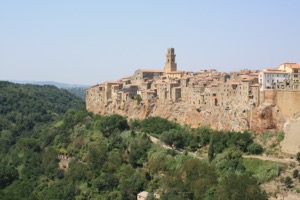 View of the city Pitligiano perched on the hill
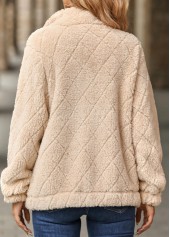 Light Camel Zipper Long Sleeve Turn Down Collar Coat | thumb picture 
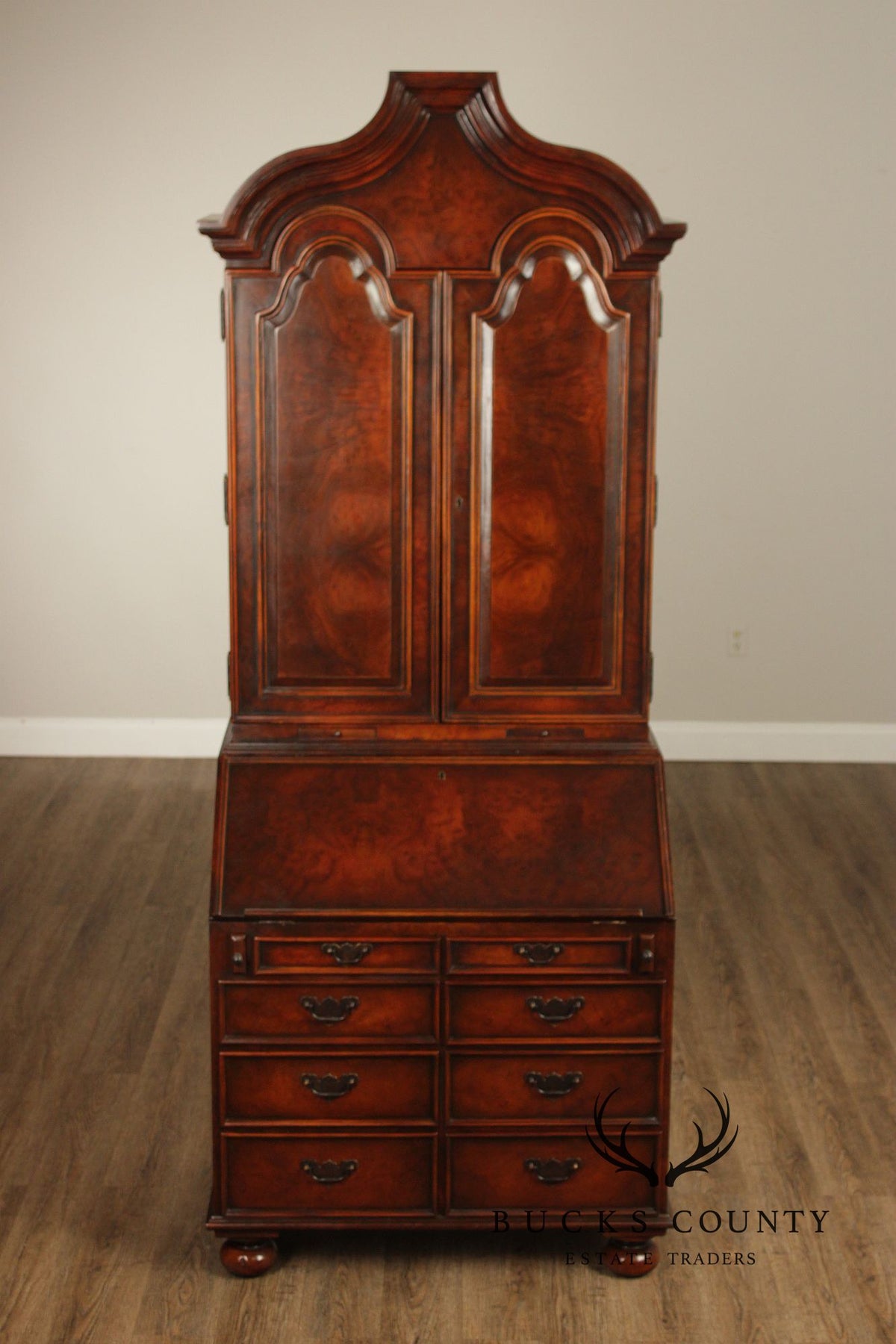 Theodore Alexander Georgian Style Burlwood Secretary Writing Desk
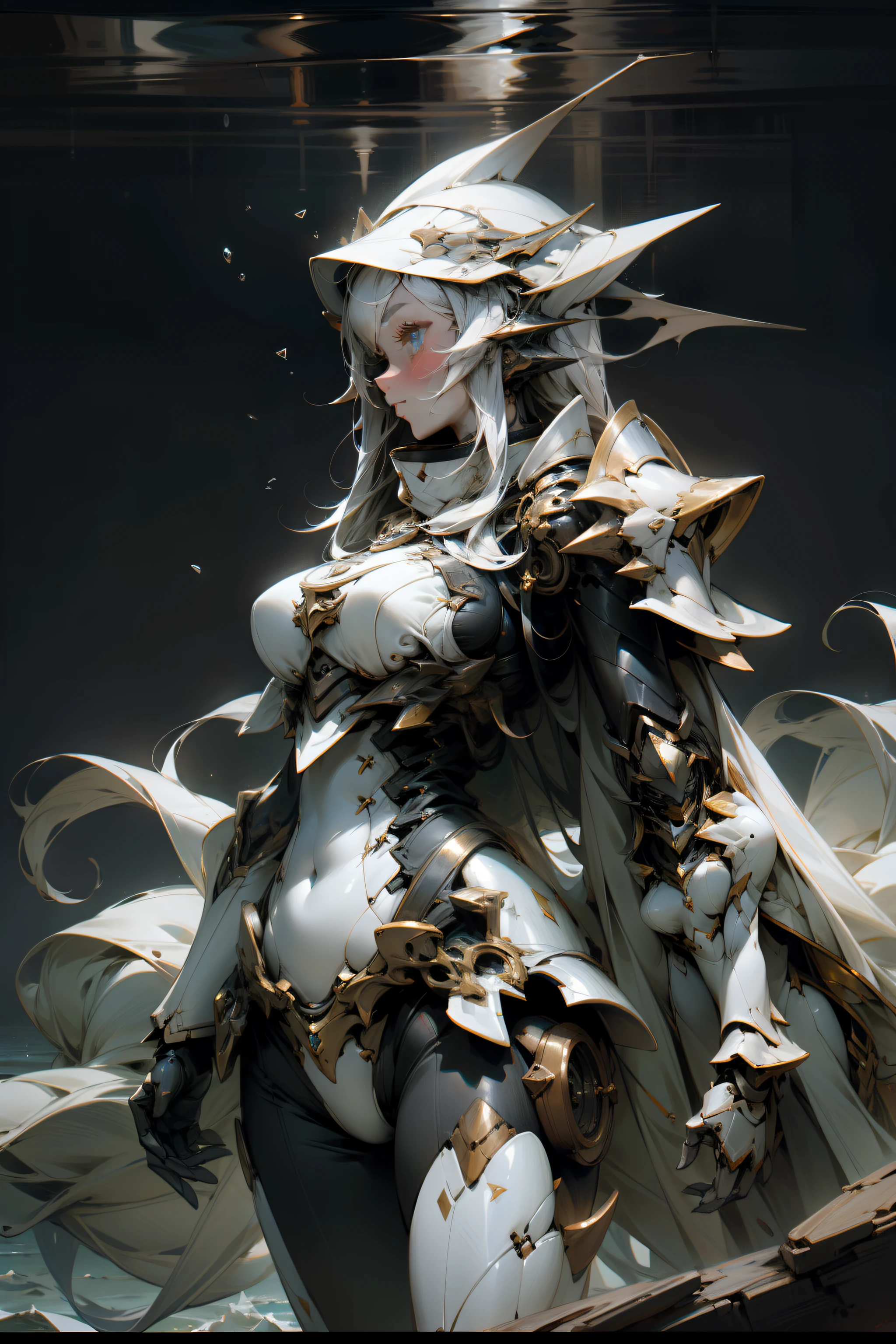 White armor，Mechanical only，humongous large breast，Elegance，Noble，A sense of mystery，classical，the ocean，abyssal
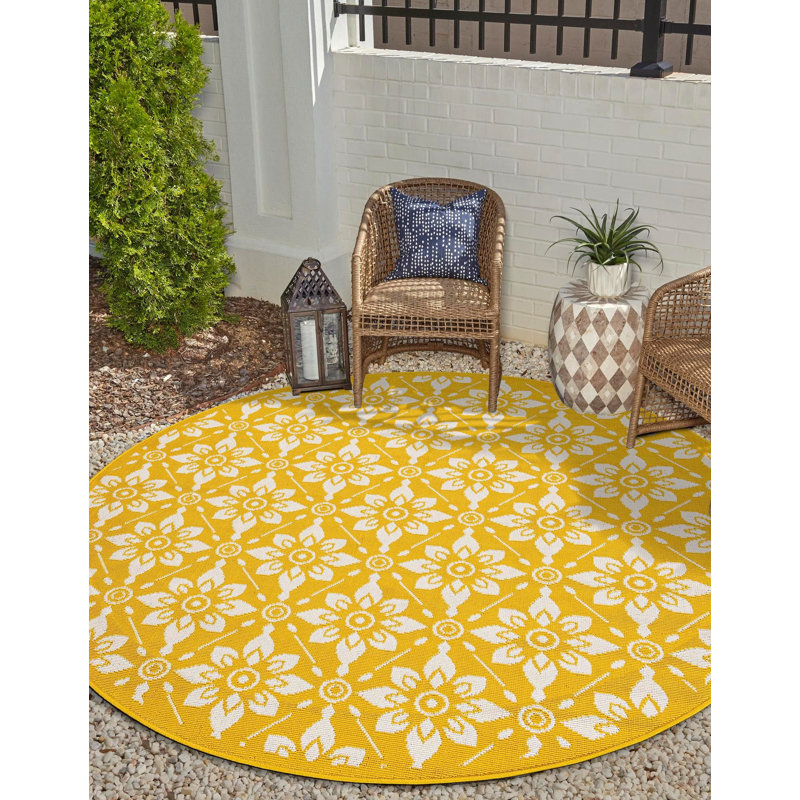 Tapis jaune Aucun, Rond 3 pi 1 po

Exercise objective —
Every line from the one containing "Light Camel Zipper" to the last line of the material must be returned exactly. Leave out any pictures.

Result of the exercise —
 Light Camel Zipper Long Sleeve Turn Down Collar Coat | thumb picture 
 Theodore Alexander Georgian Style Burlwood Secretary Writing Desk
 White armor，Mechanical only，humongous large breast，Elegance，Noble，A sense of mystery，classical，the ocean，abyssal
 Tapis jaune Aucun, Rond 3 pi 1 po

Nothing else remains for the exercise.